Condominio

Consumi idrici dei portieri: le regole sono modificabili

Matteo Rezzonico

Da Condominio24

Nel regolamento condominiale contrattuale è inserito il servizio di portierato, per il quale è previsto che le spese di portierato sono generalmente a carico dei condòmini. In un'altra parte dello stesso regolamento, per le spese di consumo idrico viene previsto un criterio di ripartizione in base al quale si specifica che anche l'approvvigionamento idrico del portiere è a carico dei condomini.
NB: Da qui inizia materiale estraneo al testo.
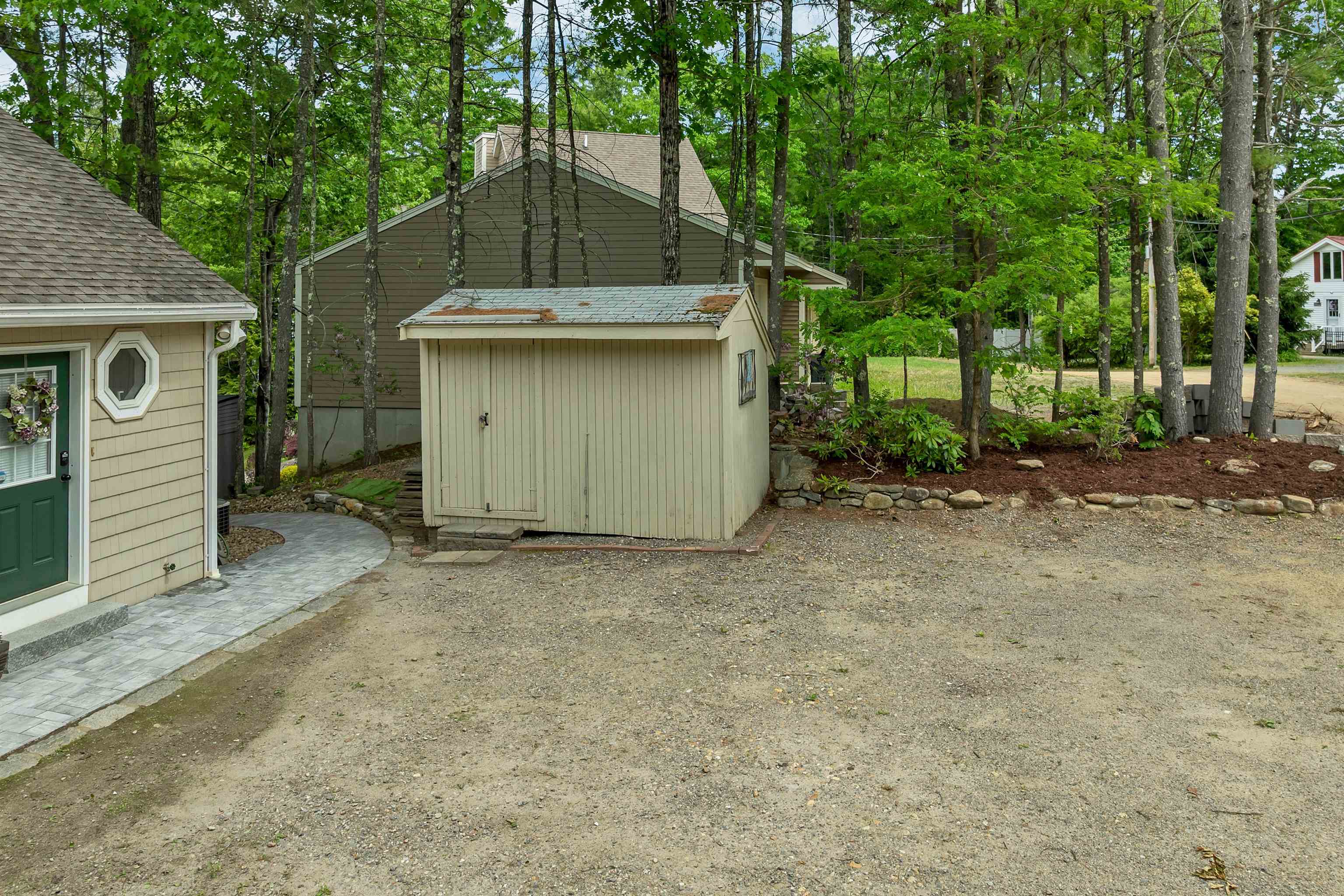 127 Jefferson Road Belmont, NH 03220 - Photo 5 of 58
Il Ccnl (contratto collettivo nazionale di lavoro) del portierato fa invece riferimento a una retribuzione comprensiva di 120 metri cubi di acqua.Il portiere può pretendere la gratuità del consumo dell'acqua, indipendentemente dalla quantità di metri cubi consumati?

Risposta
Ove il regolamento condominiale contrattuale preveda che le spese di consumo dell’acqua relative all’alloggio del portiere – a prescindere dalla quantità del consumo – siano a carico del condominio, è possibile anche procedere alla sua modifica, con la maggioranza prevista dall’articolo 1138, comma 2, del Codice civile (500 millesimi e la maggioranza degli intervenuti). Infatti – salvo esame della fattispecie in concreto – la pattuizione in questione sembra avere natura regolamentare, sicchè, nel rispetto del Ccnl portieri, del contratto di lavoro subordinato (che occorre esaminare attentamente) e dei criteri legali di ripartizione della spesa, essa può essere modificata con la maggioranza citata.In tema, la giurisprudenza ha più volte avuto modo di puntualizzare che, relativamente a un regolamento condominiale contrattuale, «le clausole di natura regolamentare sono modificabili anche da una deliberazione adottata con la maggioranza prescritta dall’articolo 1136, comma 2, del Codice civile» (si veda, per tutte, Cassazione, sezioni unite, 30 dicembre 1999, n. 943). Nello stesso senso, si consideri anche Cassazione, 14 agosto 2007, n. 17694, per la quale «è stata da tempo abbandonata l'opinione secondo cui sarebbero di natura contrattuale, quale che sia il contenuto delle loro clausole, i regolamenti di condominio predisposti dall'originario proprietario dell'edificio e allegati ai contratti d'acquisto delle singole unità immobiliari, nonché i regolamenti formati con il consenso unanime di tutti i partecipanti alla comunione edilizia. La giurisprudenza più recente e la dottrina ritengono, invece, che, a determinare la contrattualità dei regolamenti, siano esclusivamente le clausole di essi limitatrici dei diritti dei condòmini sulle proprietà esclusive (divieto di destinare l'immobile a studio radiologico, a circolo eccetera) o comuni, ovvero quelle clausole che attribuiscano ad alcuni condòmini dei maggiori diritti rispetto agli altri. Quindi il regolamento predisposto dall'originario unico proprietario o dai condòmini con consenso totalitario può non avere natura contrattuale se le sue clausole si limitano a disciplinare l'uso dei beni comuni...».